The material below contains a line with "EUC Toms Size" and a line with "Damen Hoodie-Kleid mit Tüll Norvielle". Copy exactly those two lines and all lines between them.

#####

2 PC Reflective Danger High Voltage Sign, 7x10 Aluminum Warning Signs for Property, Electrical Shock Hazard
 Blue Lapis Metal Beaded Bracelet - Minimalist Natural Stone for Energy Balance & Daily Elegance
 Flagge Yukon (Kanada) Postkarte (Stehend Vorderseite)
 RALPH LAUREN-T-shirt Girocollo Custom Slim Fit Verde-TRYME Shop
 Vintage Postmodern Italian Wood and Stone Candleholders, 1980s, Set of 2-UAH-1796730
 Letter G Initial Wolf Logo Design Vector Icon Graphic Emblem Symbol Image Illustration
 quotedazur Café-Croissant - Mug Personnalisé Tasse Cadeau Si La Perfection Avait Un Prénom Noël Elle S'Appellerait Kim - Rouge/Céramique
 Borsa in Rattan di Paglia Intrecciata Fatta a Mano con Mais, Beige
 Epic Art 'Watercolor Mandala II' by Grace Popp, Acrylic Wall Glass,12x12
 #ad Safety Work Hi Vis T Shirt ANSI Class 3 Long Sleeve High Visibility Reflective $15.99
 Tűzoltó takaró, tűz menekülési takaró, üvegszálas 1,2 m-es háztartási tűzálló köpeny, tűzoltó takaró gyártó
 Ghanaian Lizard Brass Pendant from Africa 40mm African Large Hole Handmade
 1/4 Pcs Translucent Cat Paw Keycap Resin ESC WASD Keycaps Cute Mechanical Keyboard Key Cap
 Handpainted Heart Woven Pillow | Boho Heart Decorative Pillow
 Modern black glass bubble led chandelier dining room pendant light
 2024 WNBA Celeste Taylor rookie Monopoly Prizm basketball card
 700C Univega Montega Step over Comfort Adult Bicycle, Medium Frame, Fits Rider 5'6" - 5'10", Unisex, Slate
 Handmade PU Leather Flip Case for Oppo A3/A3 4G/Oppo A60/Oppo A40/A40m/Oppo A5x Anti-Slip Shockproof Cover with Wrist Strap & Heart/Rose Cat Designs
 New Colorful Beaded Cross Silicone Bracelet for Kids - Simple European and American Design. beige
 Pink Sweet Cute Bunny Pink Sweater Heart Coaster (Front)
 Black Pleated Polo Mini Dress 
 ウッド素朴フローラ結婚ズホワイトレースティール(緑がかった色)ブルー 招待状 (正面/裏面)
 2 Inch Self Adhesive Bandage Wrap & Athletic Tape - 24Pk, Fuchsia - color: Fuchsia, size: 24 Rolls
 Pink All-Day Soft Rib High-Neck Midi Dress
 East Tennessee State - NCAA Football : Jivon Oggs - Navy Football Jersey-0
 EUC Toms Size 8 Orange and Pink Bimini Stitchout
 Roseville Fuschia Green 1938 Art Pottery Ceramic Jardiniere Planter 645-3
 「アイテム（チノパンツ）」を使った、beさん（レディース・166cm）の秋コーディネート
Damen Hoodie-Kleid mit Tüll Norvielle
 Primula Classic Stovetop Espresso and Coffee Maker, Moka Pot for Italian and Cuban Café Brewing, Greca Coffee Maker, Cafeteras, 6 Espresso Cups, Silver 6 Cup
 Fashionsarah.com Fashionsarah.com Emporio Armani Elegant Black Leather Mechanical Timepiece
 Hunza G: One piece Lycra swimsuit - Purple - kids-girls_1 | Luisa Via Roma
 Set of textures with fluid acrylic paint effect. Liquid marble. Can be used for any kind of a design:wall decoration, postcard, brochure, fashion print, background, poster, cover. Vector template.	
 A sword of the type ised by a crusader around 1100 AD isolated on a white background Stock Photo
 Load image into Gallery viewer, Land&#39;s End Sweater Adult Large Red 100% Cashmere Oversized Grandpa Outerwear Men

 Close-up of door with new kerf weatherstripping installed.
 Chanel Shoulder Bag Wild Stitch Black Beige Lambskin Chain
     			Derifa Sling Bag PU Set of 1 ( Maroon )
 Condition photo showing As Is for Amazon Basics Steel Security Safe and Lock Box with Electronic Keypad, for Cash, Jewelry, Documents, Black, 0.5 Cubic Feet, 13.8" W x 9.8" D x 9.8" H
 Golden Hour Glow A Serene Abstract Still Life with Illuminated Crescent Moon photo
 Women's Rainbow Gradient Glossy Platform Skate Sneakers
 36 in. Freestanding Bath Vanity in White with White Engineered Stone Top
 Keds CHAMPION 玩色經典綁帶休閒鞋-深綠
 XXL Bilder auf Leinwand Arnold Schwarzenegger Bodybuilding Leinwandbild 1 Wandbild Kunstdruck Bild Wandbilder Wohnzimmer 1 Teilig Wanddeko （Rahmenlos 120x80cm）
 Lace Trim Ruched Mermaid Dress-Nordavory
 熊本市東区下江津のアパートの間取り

#####

Response area
 EUC Toms Size 8 Orange and Pink Bimini Stitchout
 Roseville Fuschia Green 1938 Art Pottery Ceramic Jardiniere Planter 645-3
 「アイテム（チノパンツ）」を使った、beさん（レディース・166cm）の秋コーディネート
Damen Hoodie-Kleid mit Tüll Norvielle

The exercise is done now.